Judge Gordon Sullivan fondly recalls the sight of corpses from his high school days.
Someone's killing the school spirit.
High school is ripe for satirical attack. Sometimes it's the soft touch of Ferris Bueller's Day Off and other times it's the diamond-hard attack of Heathers. Either way, the high school experience supports so many different comedic approaches because it's a near-universal fact for viewers. Moreover, whether through media saturation or natural inclination, many people have firsthand knowledge of the different high school "types," like jocks and stoners. Billing itself with a review quote that the film is "Clueless meets John Waters," and name-checking the famous film on the back, Pep Squad is definitely aiming for Heathers territory. For a low-budget directorial debut filmed in Kansas, it succeeds admirably, but the film is not without its faults.
Pep Squad follows the typical high school girl Beth (Jennifer Dreiling) as she becomes embroiled in the problems of her classmates. First, she's assaulted by the principal and fights back, knocking him out. When she decides to kidnap him to cover it up, she enlists the help of new friends Julie (Summer Makovkin) and Scott (Adrian Pujol). When Julie kills the principal, the trio ask would-be prom queen and budding psychopath Cherry (Brooke Balderson) to dispose of the body. When another would-be prom queen, Terra (Amy Kelly), discovers what Beth and her friends have been up to, she decides to blackmail them into helping her become prom queen, even as Cherry is out literally eliminating the competition.
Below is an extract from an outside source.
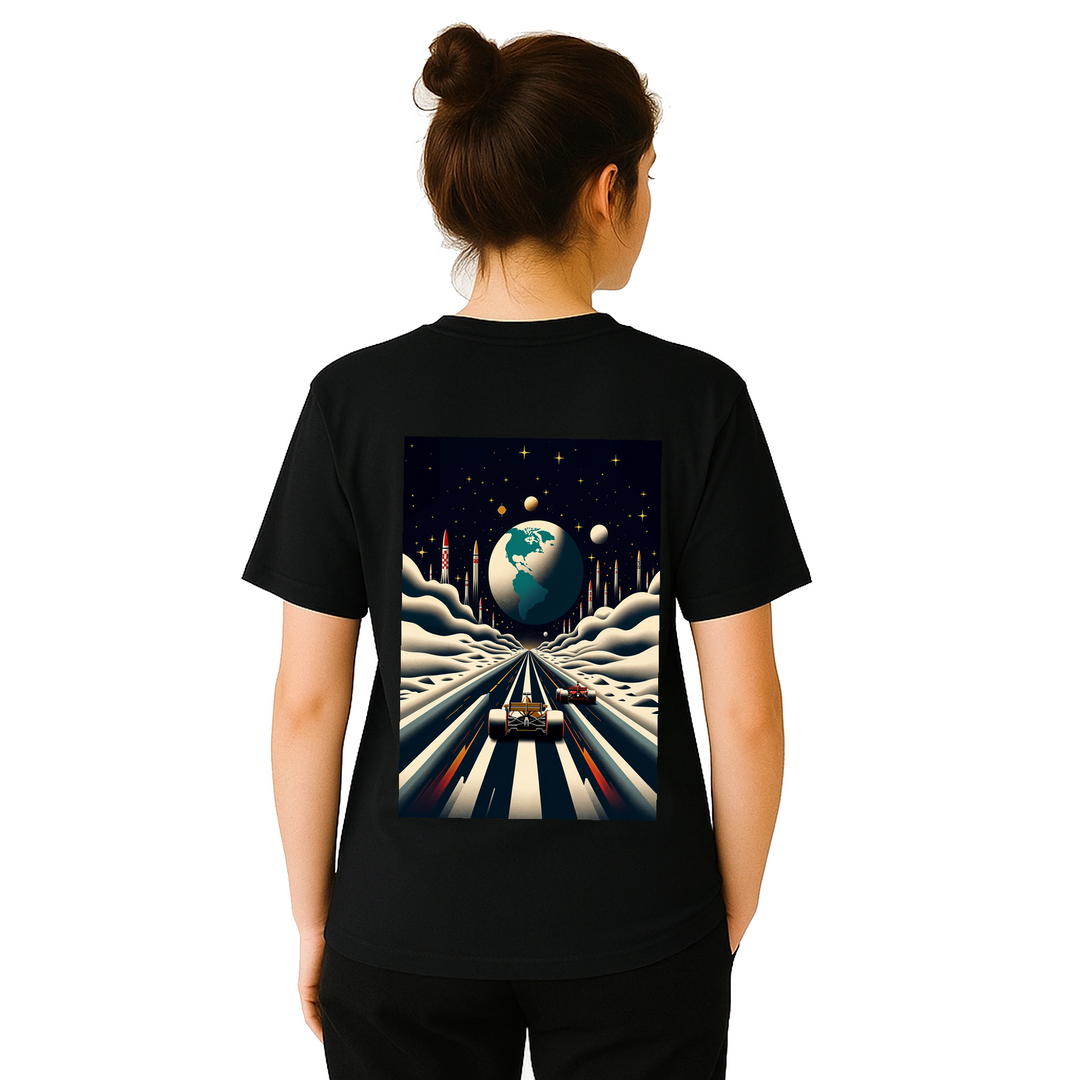 T-shirt Formula Moon con design lunare unico, ideale per appassionati di astronomia. Morbido cotone per un comfort duraturo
Pep Squad was made on a small budget by a first-time filmmaker in small-town Kansas. Considering the limitations that has to place on any production, the film has some surprising strengths. The first is the strong visual sense of the film and its cinematography. There's no attempt to make this a hyperkinetic Tarentino-esque crime-fest, but more often the not the film features compelling compositions that help make the narrative more involving. There's also a lot more camera movement than in typical low-budget flicks. Again, it's not ostentatious, but the occasional crane or dolly shot really makes this film stand out from the low-budget indie crowd. While many would consider filming in Kansas to be a bit of a drawback, Pep Squad uses its locations to full advantage. Every scene takes place in a location that feels real and lived in, while also avoiding the trap of simply filming in someone's undressed bedroom.
The film is not, however, without its minuses. Despite the fact that this film often looks like it was shot with a much larger budget, the story never quite comes together. Pep Squad is working with two very different threads. One is the story of Beth, and her involvement in the slaying of the principal. This story has kind of a noirish aspect to it, as the kids try to get away with murder. The other story, that of the rivalry between Cherry and Terra, is much more Wile E. Coyote. I didn't find that the two stories mixed well. One is all about tension, and the other is about gratuitous violence. Director Badlerson tries to make them overlap by having Cherry as a common character in both stories, but they just as easily could have been two different films. Because the film is trying to follow both stories, it doesn't quite have as much narrative drive as a comedy of this type should. The acting is also a little all over the place. Pretty much all the actors turn in good performances, but pretty much everyone has at least one scene they seemed to have phoned in.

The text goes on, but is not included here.